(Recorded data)
■ ■ ■ ■ ■ ■ ■

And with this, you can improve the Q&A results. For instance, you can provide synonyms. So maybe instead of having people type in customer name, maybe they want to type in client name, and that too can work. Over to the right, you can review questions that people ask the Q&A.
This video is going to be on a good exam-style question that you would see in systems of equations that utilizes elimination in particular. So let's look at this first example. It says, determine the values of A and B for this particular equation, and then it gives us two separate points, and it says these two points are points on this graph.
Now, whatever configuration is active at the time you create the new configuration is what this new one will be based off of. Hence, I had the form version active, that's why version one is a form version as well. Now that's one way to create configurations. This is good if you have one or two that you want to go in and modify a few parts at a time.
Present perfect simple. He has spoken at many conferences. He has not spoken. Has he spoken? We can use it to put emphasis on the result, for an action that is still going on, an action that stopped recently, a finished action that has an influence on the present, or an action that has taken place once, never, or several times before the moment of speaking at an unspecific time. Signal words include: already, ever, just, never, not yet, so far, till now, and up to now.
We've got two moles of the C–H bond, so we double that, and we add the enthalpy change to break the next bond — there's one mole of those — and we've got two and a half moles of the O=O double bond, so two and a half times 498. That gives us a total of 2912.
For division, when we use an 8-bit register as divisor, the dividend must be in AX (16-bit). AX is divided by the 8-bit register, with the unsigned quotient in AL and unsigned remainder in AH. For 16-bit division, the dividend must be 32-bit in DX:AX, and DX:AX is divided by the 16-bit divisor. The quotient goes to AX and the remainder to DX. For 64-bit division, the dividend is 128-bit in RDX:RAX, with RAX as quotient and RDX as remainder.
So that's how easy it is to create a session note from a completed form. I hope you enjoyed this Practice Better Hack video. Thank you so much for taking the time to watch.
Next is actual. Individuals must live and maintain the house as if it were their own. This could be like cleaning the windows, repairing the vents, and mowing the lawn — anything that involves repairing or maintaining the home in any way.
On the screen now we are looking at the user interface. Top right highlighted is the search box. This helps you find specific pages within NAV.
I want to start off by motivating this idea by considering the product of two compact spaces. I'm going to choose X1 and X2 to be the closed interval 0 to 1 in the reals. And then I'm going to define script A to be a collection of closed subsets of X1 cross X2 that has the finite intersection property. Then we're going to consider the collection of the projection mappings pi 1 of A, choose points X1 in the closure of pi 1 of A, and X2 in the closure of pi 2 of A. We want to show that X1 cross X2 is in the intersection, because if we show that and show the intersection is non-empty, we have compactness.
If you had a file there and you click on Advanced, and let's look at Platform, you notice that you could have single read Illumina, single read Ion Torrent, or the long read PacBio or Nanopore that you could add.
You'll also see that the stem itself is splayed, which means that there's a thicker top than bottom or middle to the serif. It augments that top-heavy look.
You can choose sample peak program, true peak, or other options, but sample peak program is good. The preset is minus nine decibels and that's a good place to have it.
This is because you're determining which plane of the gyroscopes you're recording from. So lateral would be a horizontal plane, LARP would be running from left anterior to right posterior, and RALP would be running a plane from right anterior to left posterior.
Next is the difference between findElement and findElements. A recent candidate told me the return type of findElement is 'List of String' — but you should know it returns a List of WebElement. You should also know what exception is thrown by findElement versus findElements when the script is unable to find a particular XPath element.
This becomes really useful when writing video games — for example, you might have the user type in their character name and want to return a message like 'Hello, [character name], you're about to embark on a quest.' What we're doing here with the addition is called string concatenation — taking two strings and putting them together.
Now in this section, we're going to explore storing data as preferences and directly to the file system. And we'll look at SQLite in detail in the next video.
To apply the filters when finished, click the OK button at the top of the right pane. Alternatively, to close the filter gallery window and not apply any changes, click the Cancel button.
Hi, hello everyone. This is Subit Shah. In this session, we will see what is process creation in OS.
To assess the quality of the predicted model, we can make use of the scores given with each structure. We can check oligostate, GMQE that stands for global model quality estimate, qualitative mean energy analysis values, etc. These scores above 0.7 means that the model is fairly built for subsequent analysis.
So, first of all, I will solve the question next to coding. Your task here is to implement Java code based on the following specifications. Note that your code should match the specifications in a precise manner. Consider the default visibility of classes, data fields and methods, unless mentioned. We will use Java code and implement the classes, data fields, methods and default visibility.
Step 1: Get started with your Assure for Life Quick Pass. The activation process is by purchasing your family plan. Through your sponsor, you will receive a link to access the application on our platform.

■ ■ ■ ■ ■ ■ ■

**AIM OF THE EXERCISE**: Gather from the records above every line containing the string "user".

**ANSWER**:
On the screen now we are looking at the user interface. Top right highlighted is the search box. This helps you find specific pages within NAV.
This becomes really useful when writing video games — for example, you might have the user type in their character name and want to return a message like 'Hello, [character name], you're about to embark on a quest.' What we're doing here with the addition is called string concatenation — taking two strings and putting them together.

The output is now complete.